* EXERCISE OBJECTIVE *
Your reply must consist of the data below, reproduced character for character.
INFORMATION SUPPLIED START
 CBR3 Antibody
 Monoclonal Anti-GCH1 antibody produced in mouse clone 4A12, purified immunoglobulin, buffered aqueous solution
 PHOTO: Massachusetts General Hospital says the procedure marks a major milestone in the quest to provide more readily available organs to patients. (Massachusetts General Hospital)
INFORMATION SUPPLIED END
* EXERCISE RESULT *
 CBR3 Antibody
 Monoclonal Anti-GCH1 antibody produced in mouse clone 4A12, purified immunoglobulin, buffered aqueous solution
 PHOTO: Massachusetts General Hospital says the procedure marks a major milestone in the quest to provide more readily available organs to patients. (Massachusetts General Hospital)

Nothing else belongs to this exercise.